The network, called ViaEducation, designs curricula, provides teacher training and facilitates youth-organized community development projects. In just six years, ViaEducation has developed programs in eight Latin American countries. The Mexico program is the fastest growing and has already reaped some tangible successes.

A pilot program in the northern states of Nuevo León and Guerrero has doubled in size over the past two years to 240 schools. According to Mariali Cárdenas Casanueva, ViaEducation’s Director of Educational Development in Mexico, the key is grassroots community involvement. “When the community leads the projects, the ideas come from their own needs and observations,” says Cárdenas, who worked for 15 years in social development of rural and indigenous communities before starting ViaEducation. “This makes the project more sustainable and the changes more lasting.”

ViaEducation’s projects in Argentina, Brazil,  Chile, Colombia, Costa Rica, El Salvador, and Guatemala foster a balance between outside expertise and local communities. ViaEducation’s network of universities, governments, foundations, and nonprofit organizations includes Harvard University, the Colombian Ministry of Education and the W.K. Kellogg Foundation. Some fund specific programs. Others provide evaluation tools and research. But it is the whole network that has allowed ViaEducation to offer multifaceted services and programs to diverse communities.

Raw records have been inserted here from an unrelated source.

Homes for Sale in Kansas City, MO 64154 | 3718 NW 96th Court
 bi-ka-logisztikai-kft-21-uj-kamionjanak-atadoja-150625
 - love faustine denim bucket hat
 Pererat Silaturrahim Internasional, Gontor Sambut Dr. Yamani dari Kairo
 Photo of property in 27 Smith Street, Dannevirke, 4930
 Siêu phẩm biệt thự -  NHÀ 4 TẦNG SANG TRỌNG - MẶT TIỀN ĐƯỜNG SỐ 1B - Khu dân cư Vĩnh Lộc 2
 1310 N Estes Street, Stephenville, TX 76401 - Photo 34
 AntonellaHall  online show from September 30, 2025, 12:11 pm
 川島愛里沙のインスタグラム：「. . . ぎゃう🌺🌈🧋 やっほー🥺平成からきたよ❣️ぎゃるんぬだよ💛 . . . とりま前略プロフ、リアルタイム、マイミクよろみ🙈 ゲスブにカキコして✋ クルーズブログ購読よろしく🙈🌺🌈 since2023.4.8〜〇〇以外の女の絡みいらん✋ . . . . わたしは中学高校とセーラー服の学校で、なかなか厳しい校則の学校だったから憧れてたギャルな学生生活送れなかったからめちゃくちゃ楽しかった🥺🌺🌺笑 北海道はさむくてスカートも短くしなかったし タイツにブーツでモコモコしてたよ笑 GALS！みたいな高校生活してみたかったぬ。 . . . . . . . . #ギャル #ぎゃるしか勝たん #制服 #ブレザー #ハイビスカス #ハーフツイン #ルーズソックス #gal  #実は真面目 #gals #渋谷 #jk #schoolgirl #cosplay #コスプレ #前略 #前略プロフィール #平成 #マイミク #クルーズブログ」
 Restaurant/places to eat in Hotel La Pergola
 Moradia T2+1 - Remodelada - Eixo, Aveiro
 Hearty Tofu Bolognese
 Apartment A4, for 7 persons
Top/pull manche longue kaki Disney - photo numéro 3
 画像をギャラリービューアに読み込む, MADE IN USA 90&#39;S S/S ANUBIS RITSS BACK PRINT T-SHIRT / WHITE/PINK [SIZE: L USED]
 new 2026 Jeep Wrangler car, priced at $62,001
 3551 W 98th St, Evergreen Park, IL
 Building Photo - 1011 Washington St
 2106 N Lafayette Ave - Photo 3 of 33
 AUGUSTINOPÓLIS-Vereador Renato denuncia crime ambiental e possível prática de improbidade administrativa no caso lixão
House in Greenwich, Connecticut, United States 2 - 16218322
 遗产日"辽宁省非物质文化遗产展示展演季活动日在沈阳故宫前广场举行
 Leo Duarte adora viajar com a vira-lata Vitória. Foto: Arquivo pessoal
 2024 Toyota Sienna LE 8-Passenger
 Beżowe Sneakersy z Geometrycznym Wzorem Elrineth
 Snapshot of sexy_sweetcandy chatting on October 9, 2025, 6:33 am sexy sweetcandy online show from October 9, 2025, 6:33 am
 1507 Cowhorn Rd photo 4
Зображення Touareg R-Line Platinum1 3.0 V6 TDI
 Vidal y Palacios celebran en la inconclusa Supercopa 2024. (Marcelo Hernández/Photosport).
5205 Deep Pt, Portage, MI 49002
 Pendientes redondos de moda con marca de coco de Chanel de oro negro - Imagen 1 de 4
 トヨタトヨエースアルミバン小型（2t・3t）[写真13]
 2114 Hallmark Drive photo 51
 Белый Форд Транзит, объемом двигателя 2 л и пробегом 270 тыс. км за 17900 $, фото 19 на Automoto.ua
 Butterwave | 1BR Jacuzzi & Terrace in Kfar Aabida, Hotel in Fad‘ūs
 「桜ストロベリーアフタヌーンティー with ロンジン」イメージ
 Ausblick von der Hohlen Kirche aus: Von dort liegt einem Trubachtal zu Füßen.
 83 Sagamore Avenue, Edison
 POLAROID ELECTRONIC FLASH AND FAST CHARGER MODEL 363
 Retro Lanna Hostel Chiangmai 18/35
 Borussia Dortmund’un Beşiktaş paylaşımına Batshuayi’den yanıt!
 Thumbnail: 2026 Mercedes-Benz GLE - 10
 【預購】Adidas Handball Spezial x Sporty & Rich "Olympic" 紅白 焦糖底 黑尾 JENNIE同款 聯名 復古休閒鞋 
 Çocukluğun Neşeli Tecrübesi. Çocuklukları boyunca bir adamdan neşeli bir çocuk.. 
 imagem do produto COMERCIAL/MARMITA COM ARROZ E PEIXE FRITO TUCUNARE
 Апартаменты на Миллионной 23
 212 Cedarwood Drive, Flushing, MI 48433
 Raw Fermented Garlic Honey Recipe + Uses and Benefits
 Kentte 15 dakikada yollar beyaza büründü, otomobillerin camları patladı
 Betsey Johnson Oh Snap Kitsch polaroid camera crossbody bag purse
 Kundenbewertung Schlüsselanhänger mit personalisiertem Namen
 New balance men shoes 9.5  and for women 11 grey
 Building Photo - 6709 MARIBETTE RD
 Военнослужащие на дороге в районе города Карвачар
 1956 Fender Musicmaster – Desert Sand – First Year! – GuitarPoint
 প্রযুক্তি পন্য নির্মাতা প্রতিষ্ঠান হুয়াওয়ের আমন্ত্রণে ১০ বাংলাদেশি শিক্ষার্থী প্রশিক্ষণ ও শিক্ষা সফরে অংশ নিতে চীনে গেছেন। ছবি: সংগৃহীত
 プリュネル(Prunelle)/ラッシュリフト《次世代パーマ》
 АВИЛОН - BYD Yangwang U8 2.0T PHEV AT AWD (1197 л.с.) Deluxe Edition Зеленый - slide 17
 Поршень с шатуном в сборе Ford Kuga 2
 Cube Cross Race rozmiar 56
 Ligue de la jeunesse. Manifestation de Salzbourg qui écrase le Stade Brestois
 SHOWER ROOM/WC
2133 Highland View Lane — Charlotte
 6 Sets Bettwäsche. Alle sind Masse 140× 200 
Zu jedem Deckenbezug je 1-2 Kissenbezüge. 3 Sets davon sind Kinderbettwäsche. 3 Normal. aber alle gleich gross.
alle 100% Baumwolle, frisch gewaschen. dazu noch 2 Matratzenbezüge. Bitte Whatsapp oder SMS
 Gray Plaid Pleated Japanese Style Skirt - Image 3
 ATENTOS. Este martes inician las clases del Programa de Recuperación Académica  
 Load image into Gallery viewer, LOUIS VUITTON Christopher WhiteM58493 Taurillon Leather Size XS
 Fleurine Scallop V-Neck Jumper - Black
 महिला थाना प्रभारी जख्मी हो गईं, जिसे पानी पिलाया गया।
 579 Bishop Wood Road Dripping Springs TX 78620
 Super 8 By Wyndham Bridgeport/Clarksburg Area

According to Cárdenas, students who come from disadvantaged backgrounds often “don’t feel like they have the capability to modify their own reality.” So the network’s curriculum emphasizes communication, negotiation and critical thinking as means of self-empowerment. These skills form the foundation of ViaEducation’s four subjects: educational quality, civic education, educational policy, and social responsibility. The civic participation program has been particularly successful in Mexico. A country-wide evaluation conducted in 2008–2009 and directed by Fernando Reimers of Harvard concluded that 65 percent of the public school students who participated in the civic participation program improved their scores on the national civic education exam.

Students are not the only beneficiaries of ViaEducation programs. Educators in the participating communities receive formal training that encourages student involvement in development projects. In Mexico, ViaEducation has facilitated more than 300 projects led by local youth aged 7 to 20 to engage in local community issues.

One of these was a recycling program designed with the help of a teacher trained by ViaEducation and led by secondary students of Emiliano Zapata high school in the Chiapas, Mexico, community of El Aguaje. The 2009 project led to the construction of a compost center that transforms biodegradable waste into fertilizer and information sessions for their peers about the importance of recycling and the benefits of compost.

Despite its comparatively short history, ViaEducation is attracting attention across Latin America—and winning supporters. The network recently received funding from the Organization of American States to expand a program designed by the Universidad de los Andes in Colombia, led by Enrique Chaux, and implemented by 30 teachers based in Mexico on how to prevent domestic and school-related violence.

What is most innovative about  ViaEducation is that it reverses the traditional brain drain. Latin America’s best and brightest are turning knowledge gained in U.S. universities into a tool of social change and mobility back home that will span generations.